Source: ABC News
An Indian consumer group is conducting a pilot project for traffic light food labelling in a bid to fight growing levels of obesity.
The idea of traffic light labelling was abandoned in Australia in favour of a front-of-pack star-rating system.
But the Indian group, Consumer Voice, says the system can work.
The organisation is copying a scheme currently being implemented in the United Kingdom.
Ashok Kanchan from Consumer Voice says obesity is an emerging issue, particularly in metropolitan areas.
"Obesity is increasing, and another thing is people are more illiterate here, so by this system, one can identify the product which is healthier, and which is not healthier," he said.
Under the system, foods and drinks considered healthy are given the green light, amber means it is OK most of the time and red means it should be enjoyed occasionally.
Traffic light system designed to educate school students
It is designed for consumers to be able to make an assessment and comparisons of various foods at a glance.
Mr Kanchan says the amount of salt in the diets of Indians is also of concern.
He says the pilot scheme is designed first to educate school students about what is in their school canteen.
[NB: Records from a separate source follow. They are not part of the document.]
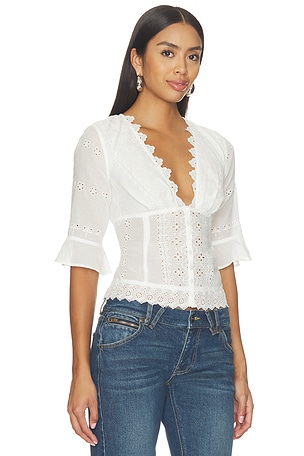 Free People Salone Eyelet Top in Ivory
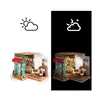 A split image showing a miniature cafe model in daylight and nighttime settings, with icons representing day and night above each. Anteprima dell’immagine prodotto
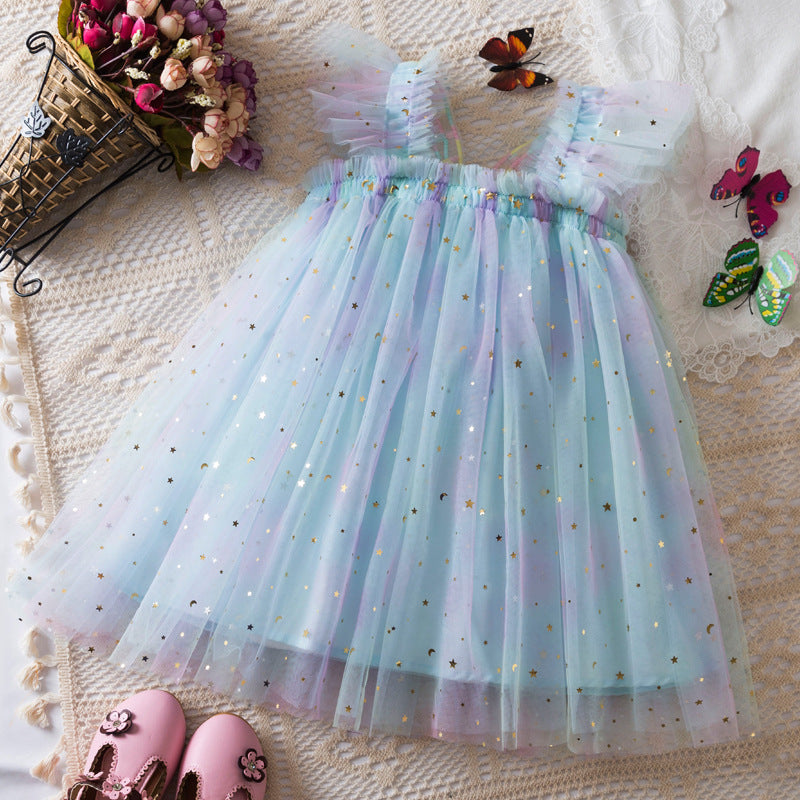 Vestido Infantil con Estrellas y Alas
"We did a study in schools, covering about 10 schools and we took the samples of the canteen food and drinks, and then we analysed the products in a laboratory for fat, saturated fat, sugar, salt," he said.
"Then we converted the results in terms of the traffic lights."
Ultimately, it is hoped the traffic light system will allow children to quickly and easily make comparisons between products.
Consumer Voice has written to India's Food Standards Safety Authority to lobby it to implement traffic light labelling more broadly.
Strong opposition expected from the food industry
However, the group is yet to formally approach the food industry about the plan.
Mr Kanchan admits it is a tough sell.
"Industry will hesitate because there are so many players there which are selling their, we can say their junk food, loaded with fat," he said.
"They are selling it in the market so it's not an easy task to get it done, but no doubt we will pursue it."
In Australia, the traffic light system was favoured by health groups, but it was abandoned after intense opposition from the food industry.
Instead, the Australian Government announced a five-star rating system will be phased in over two years.
Jane Martin from the Obesity Policy Coalition says the emerging issue of obesity in India is alarming.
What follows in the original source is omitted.